TASK INPUTS:
-*-

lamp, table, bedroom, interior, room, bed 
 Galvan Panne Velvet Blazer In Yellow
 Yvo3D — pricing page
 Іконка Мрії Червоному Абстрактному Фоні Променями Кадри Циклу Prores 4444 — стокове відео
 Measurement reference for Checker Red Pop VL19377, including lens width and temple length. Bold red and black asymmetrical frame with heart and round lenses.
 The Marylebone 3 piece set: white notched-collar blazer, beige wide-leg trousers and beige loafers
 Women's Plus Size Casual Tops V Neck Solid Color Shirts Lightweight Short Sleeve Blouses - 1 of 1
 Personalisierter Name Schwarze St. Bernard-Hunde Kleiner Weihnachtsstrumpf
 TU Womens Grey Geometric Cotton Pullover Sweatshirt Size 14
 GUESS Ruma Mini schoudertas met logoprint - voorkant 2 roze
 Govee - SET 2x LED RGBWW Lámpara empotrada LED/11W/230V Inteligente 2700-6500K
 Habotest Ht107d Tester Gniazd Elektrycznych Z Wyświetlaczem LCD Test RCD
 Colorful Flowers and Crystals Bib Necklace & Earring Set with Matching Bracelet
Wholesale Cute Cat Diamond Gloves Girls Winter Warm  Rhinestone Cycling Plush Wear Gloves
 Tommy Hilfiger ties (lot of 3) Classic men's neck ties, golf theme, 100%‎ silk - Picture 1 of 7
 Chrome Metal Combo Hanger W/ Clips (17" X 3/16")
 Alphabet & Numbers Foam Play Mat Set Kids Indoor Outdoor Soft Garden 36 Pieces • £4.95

-*-

WHAT IS BEING ASKED:
Return all lines from the data above with "Size" in them.

SOLUTION:
 Women's Plus Size Casual Tops V Neck Solid Color Shirts Lightweight Short Sleeve Blouses - 1 of 1
 TU Womens Grey Geometric Cotton Pullover Sweatshirt Size 14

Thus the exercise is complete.